Понял Андрей — настала пора выполнять свои властолюбивые замыслы, пришло его время вынуть меч из ножен. Стал он собирать князей-союзников, к половцам послал гонцов.
Одиннадцать союзных князей из разных городов двинули свои полки на Киев. Сам Андрей воевать не пошел, а во главе полков поставил сына своего, которого также звали Мстиславом.
Летом 1169 года окружили осаждающие киевские стены со всех сторон. Увидели киевляне: не будет им пощады за убитых после смерти Юрия Долгорукого суздальцев, за многие другие обиды.
В прежние годы, когда во время усобиц сменялись князья в Киеве, биться выходили полки за городские стены. А теперь сказали все одиннадцать князей своим воинам и диким половцам:
— Возьмете город — золото, вино, жены на три дня — все ваше!
Отроду не бывало того, чтобы стены матери городов русских брали приступом «на щит».
И пошли русские люди на русских людей проливать кровь русскую, грабить и жечь. Никому не давали пощады — ни богатому, ни бедному, мужей убивали, жен вязали, жгли терема златоверхие бояр и землянки холопей, не щадили и церкви. Ворвались они в Софийский собор, поснимали ризы с икон, содрали драгоценные каменья с окладов. А половцы зажгли Печерский монастырь, да монахам удалось затушить пожар.
«И весь Киев пограбиша и церкви и монастыри за три дни, а иконы поимаша и книги и ризы» — так заключает летописец свой исполненный ужаса и скорби рассказ.
Вернулся во Владимир сын Андреев Мстислав с честью и славой, а иные летописцы добавляют — «и с проклятием».
Униженный лежал стольный златоглавый Киев перед победителем — князем Андреем. Но он даже не пожелал взглянуть на пожарище.

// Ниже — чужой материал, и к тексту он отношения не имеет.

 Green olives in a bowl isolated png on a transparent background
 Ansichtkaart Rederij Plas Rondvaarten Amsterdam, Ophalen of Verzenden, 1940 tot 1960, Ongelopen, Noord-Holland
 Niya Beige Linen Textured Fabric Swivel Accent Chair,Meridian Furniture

И вся земля Русская поразилась: князь Андрей Юрьевич Боголюбский, старший из князей Мономахова рода, не захотел назваться великим князем Киевским, а отдал Киевский стол брату своему младшему Глебу.
Суздальские войска после взятия и разграбления Киева уводят пленных.

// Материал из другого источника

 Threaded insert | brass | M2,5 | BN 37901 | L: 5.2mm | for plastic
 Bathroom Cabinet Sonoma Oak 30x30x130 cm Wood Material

Не от смирения христианского и не от гнева на Киев отказался он владеть Злагоглавым. Знал он, никогда не простят ему киевляне кровь своих близких, погорелые и разоренные жилища.
И спросил он самого себя: где золотой стол его встанет могущественнее и безопаснее? В том ли поверженном граде, где его воины столько людей погубили? В том ли чужом Киеве, где бояре и посадские будут ненавидеть его пуще, чем отца ненавидели? В том ли Киеве, где по ближним городам сидят родичи-князья, коим в душу не влезешь — враги ли они или други?

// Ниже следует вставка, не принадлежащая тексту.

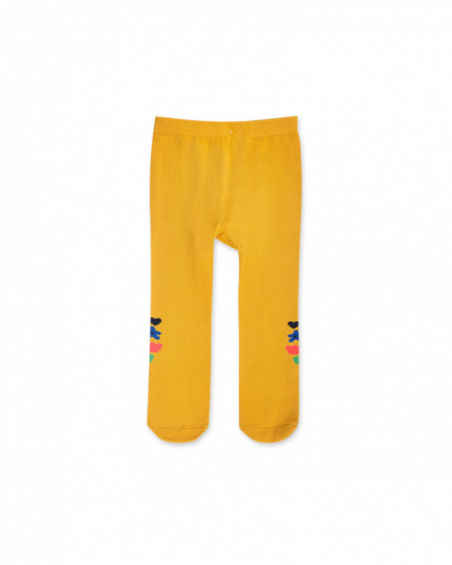 Meia-calça amarela para menina Pugs Life Meia-calça amarela para menina Pugs Life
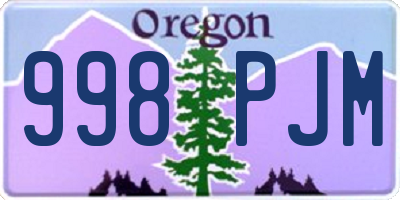 OR license plate 998PJM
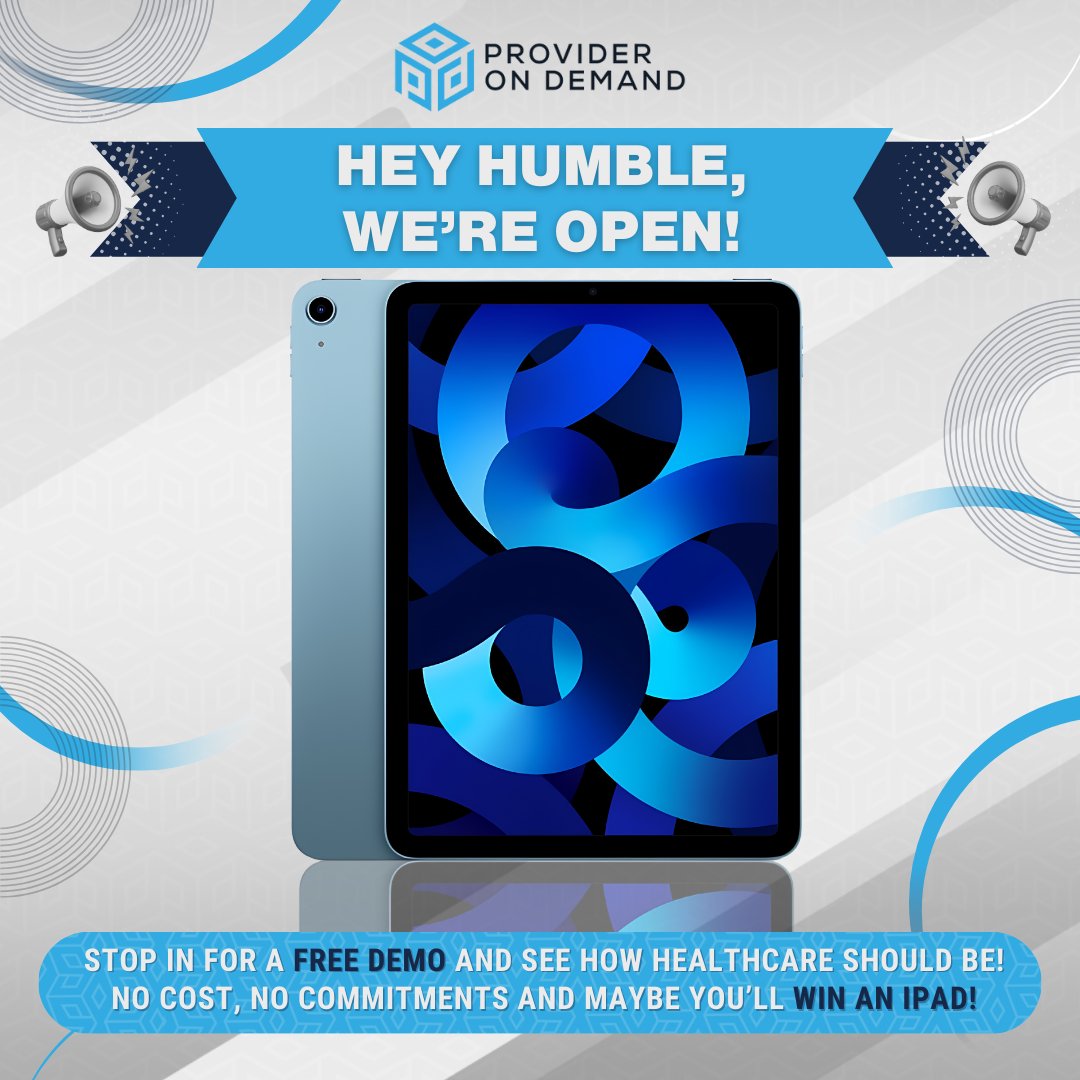 Visit us at 3809 Atascocita Road, Suite 150, Humble Tx.

#ProvideronDemand #myPOD #HealthForAll #HealthInnovation #ipad #GiveawayAlert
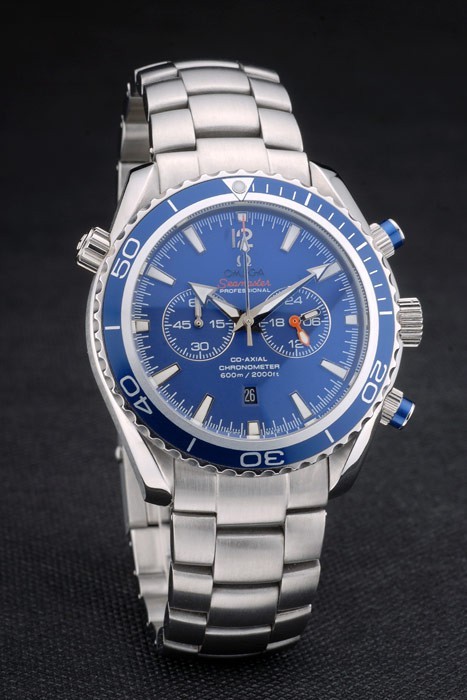 Omega Seamaster Planet Ocean Blue Tachymeter blaues Zifferblatt Edelstahl-Bügel-80239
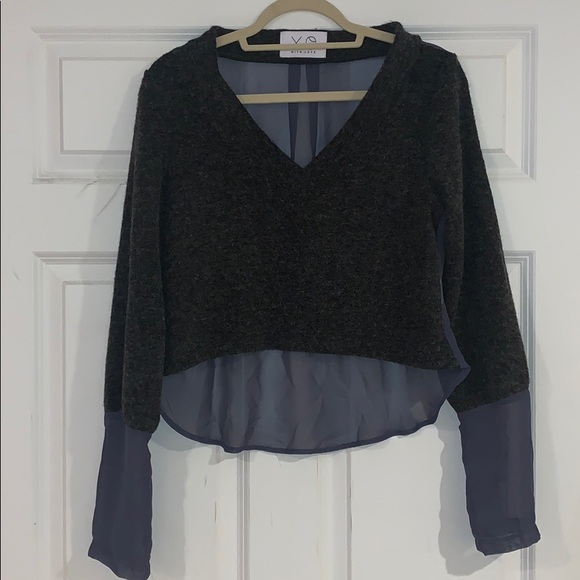 LF chiffon back v neck jumper in charcoal!!!🔥🔥 - Picture 5 of 5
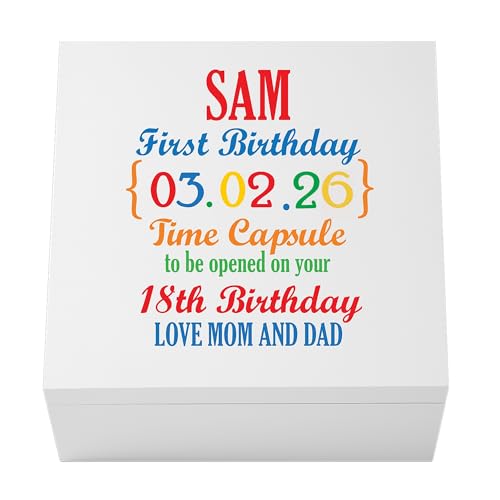 Let's Make Memories Personalized First Birthday Time Capsule - Baby Keepsake Box - Child's Memory Box - Sturdy Wood Composite - 12" Lx12 Wx6 H - First Birthday - color: First Birthday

Далеко вперед смотрели очи Андрея. Понимал он, что слава древнего Киева — матери городов русских — меркнет от года в год перед славой Владимира.
И еще была причина во Владимире остаться: огненной любовью любил он свой град белокаменный, что построил на клязьминских берегах. Неужели достанется та краса младшим братьям его?
И решил он не ехать в Киев, будет из своего Боголюбовского дворца держать в страхе и послушании всех князей русских, всю землю Русскую...
Далеко на севере, на реке Волхове, стоял славный и вольнолюбивый город — Господин Великий Новгород. Земли суздальские соседними были с новгородскими. Захотел Андрей, чтобы и новгородцы по его воле ходили.